Für die Meisten ist es nicht das erste Weihnachten im Knast. Für einige soll es das Letzte sein. Jedenfalls haben sie diesen Vorsatz. Alle versuchen, möglichst viel Normalität zu schaffen. Einer der Häftlinge trägt das Kreuz zur katholischen Messfeier im Saal. Prälat Meier tut alles, um eine besondere Fürsprache zu geben und nennt in seiner Ansprache alles beim Namen. Natürlich, so vermutet er, sei die Zahl der Freunde für jene kleiner geworden, die Weihnachten hinter Gittern verbringen. „Aber das Licht der Weihnacht geht auch durch die Gitter der Gefangenenzellen.“Ein Lichtblick könne das Fest der Liebe sein.
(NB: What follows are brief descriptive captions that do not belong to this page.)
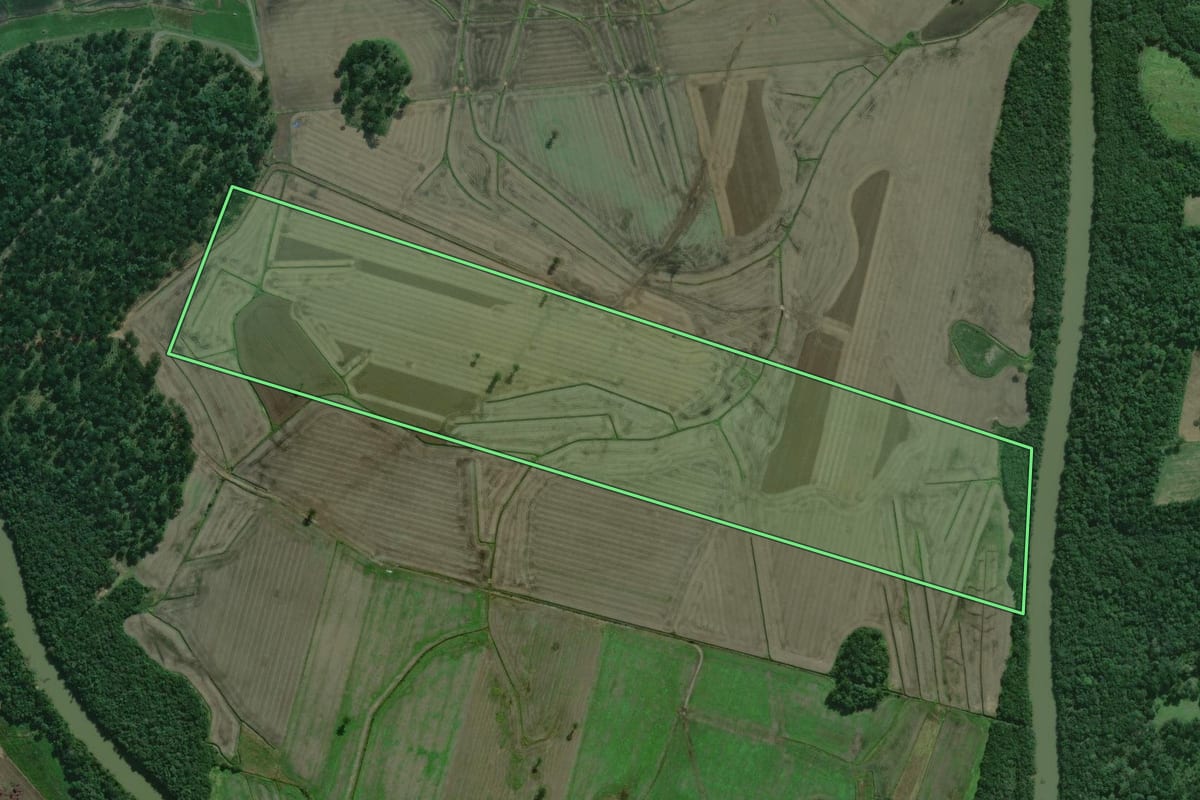 Imagem de satélite do imóvel rural em São Mateus do Sul (PR), com o contorno declarado no CAR desenhado por cima.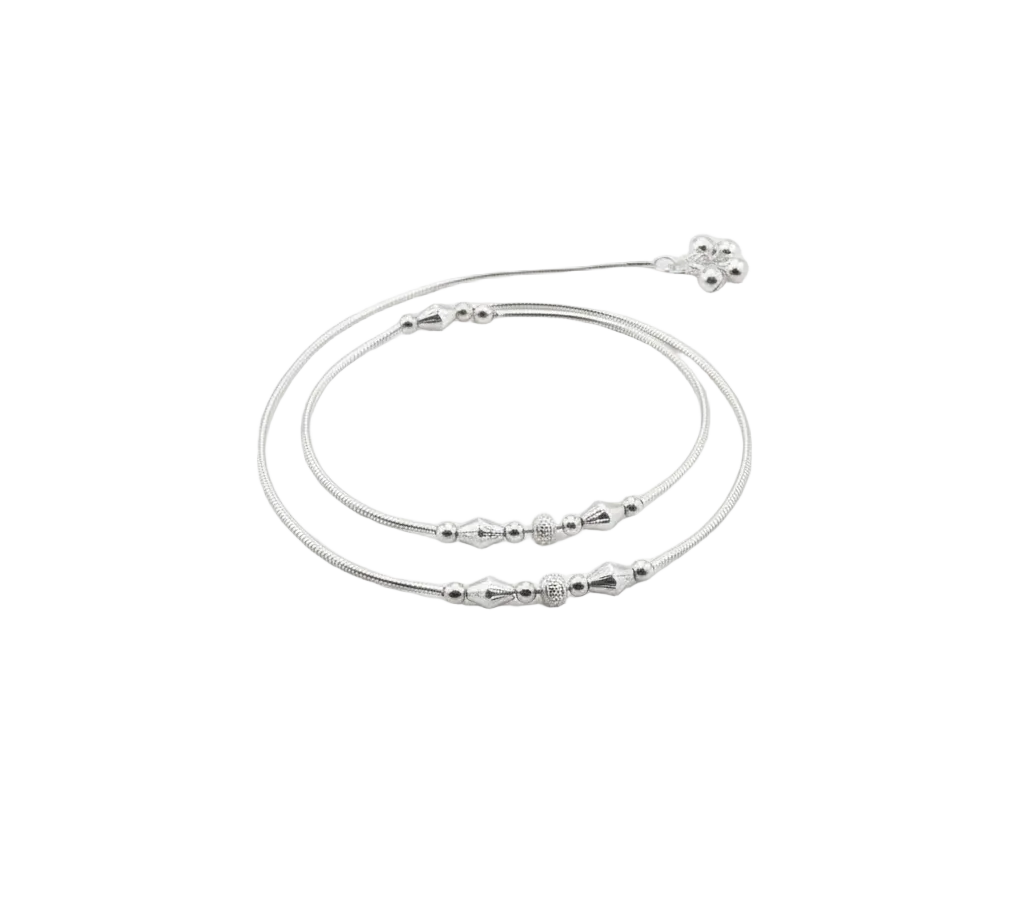Station Bead Snake Chain Silver Anklet – 99.9% Pure Silver – Weight:20g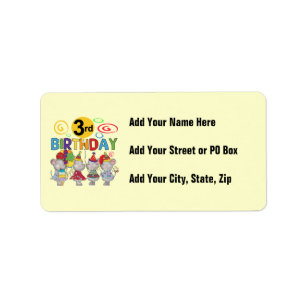Mice 3rd Birthday T-shirts and Gifts Label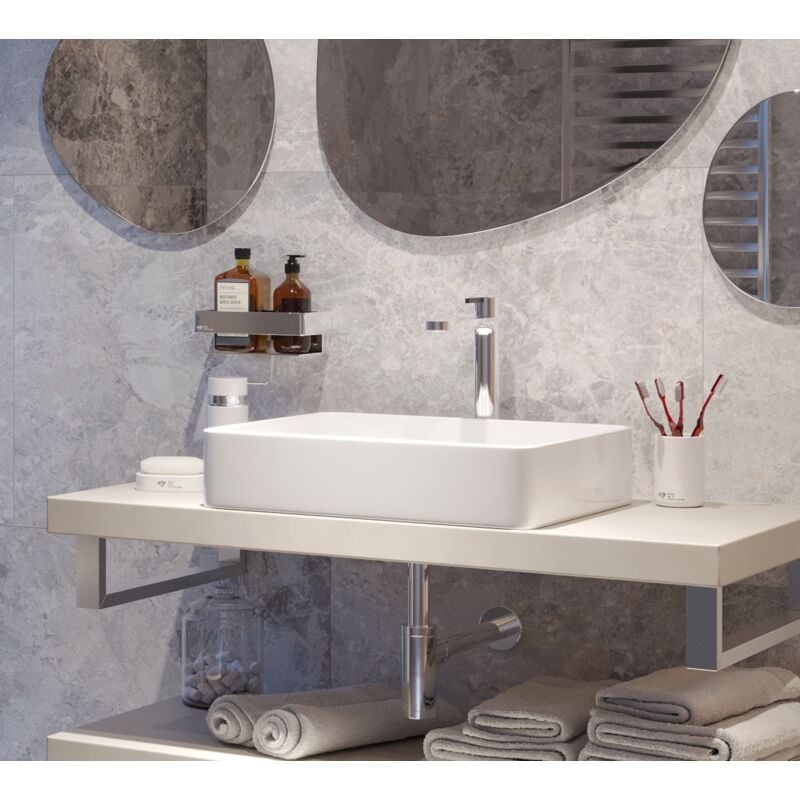 Infinitio Vasque à poser 50x40 cm, sans trop-plein, Blanc brillant (SATINF5040) - Swiss Aqua Technologies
Auf eine Leinwand ist das Bild der Künstlerin Kristina Dittert projiziert, das sie erst vor wenigen Jahren gemalt hat. Anstalts-Seelsorger Michael Humml hat es ausgesucht, weil es Licht ins Dunkel bringe. In Jesus, der in Bethlehem geboren wurde, komme Gott zu den Menschen, sagt Humml zu den Häftlingen. Es vermag „Helligkeit in unser Leben zu bringen“.
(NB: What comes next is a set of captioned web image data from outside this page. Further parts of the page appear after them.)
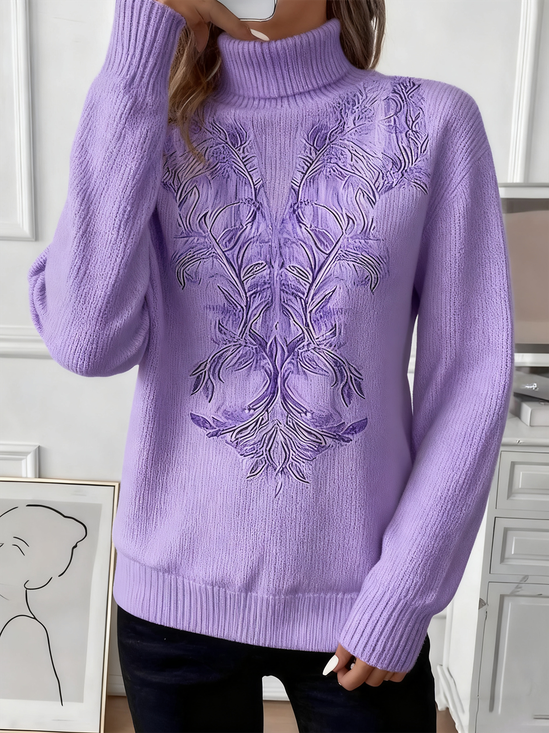 Loose Vintage Geometric Turtleneck Sweater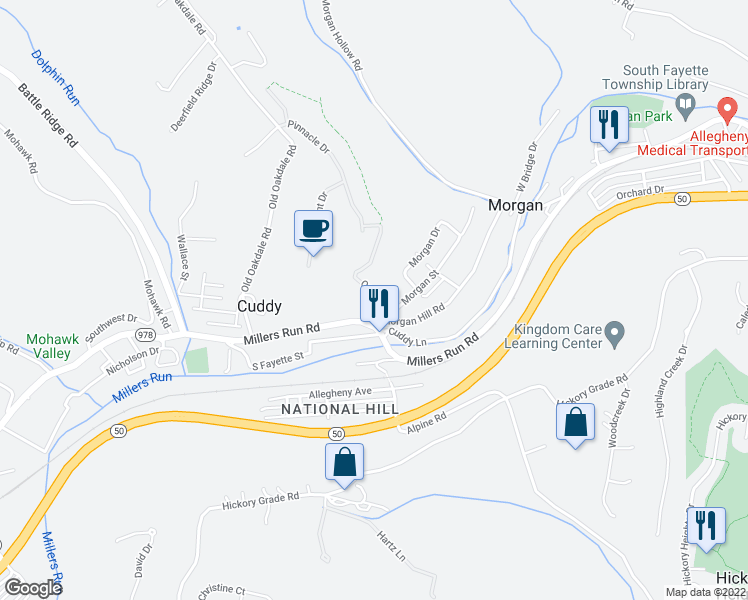 map of restaurants, bars, coffee shops, grocery stores, and more near 6 Oak Street in Cuddy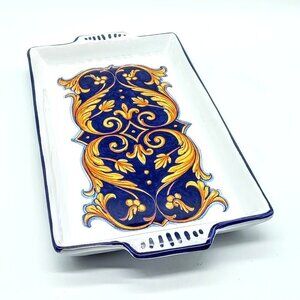 Hand Painted Ceramica Nova Deruta Italy Rectangular Serving Tray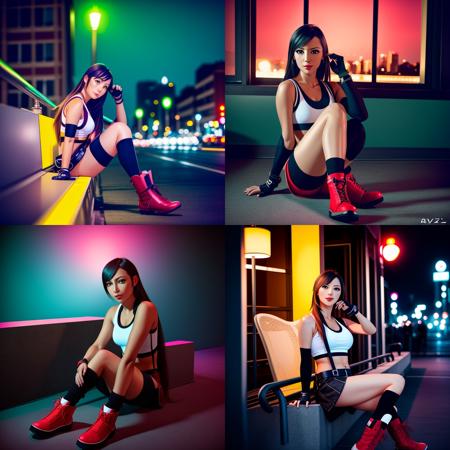 <lora:aivazay1-000020:1>,(aivaz:1.3),tifa lockhart, final fantasy vii remake, 1girl, ankle boots, black hair, black skirt, black thighhighs, boots, breasts, cityscape, crop top, elbow gloves, elbow pads, fingerless gloves, full body, gloves, head rest, lips, long hair, looking at viewer, low-tied long hair, medium breasts, nose, red eyes, red footwear, signature, single elbow pad, sitting, skirt, solo, sports bra, suspender skirt, suspenders, tank top, thighhighs, white tank top, midgar, green light, night, yellow flowers, ((((masterpiece))))<lora:tifaLockhartAllOutfits_v1:0.6>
Als Domdekan Meier den weihnachtlich geschmückten, abgedunkelten Saal betritt, drängen sich darin 120 Häftlinge, weniger als in den Jahren zuvor. Die Einsamkeit ist spürbar, auf den Fluren, im Kirchenraum und bei den Gefangenen. Meier appelliert, das Warten nicht aufzugeben. Der Gefangenenchor, ergänzt durch Mitglieder der Emmaus-Gruppe, und die Wallbacher Stubenmusik unter Leitung von Brigitte Wilhalm sorgen für eine festliche Atmosphäre. Nach dem Gottesdienst verteilt der Geistliche gemeinsam mit dem Anstalts-Seelsorger Süßigkeiten. Teelichter gibt es in diesem Jahr nicht, „aus Sicherheitsgründen“, wie es heißt. Der Domdekan nimmt sich auch Zeit, mit dem einen oder anderen Häftling ein paar Worte zu wechseln, was nicht immer gelingt, denn in der JVA Kaisheim büßen zahlreiche Ausländer aus Osteuropa ihre Haftstrafen ab.
Nach dem Gottesdienst nimmt sich Bertram Meier Zeit, für ein Gespräch in geselliger Runde. Drei Dutzend Insassen hat Anstalts-Pfarrer Humml eingeladen. Es sind Sehnsüchte, die bei diesem Treffen deutlich werden. Um 15.30 Uhr fällt aber dann auch für den letzten der derzeit etwas mehr als Gefangenen an Heilig Abend in Kaisheim die Zellentür ins Schloss. Und der Diözesanbesuch aus Augsburg eilt zum nächsten „Termin“: einem Weihnachtsgottesdienst im Augsburger Dom.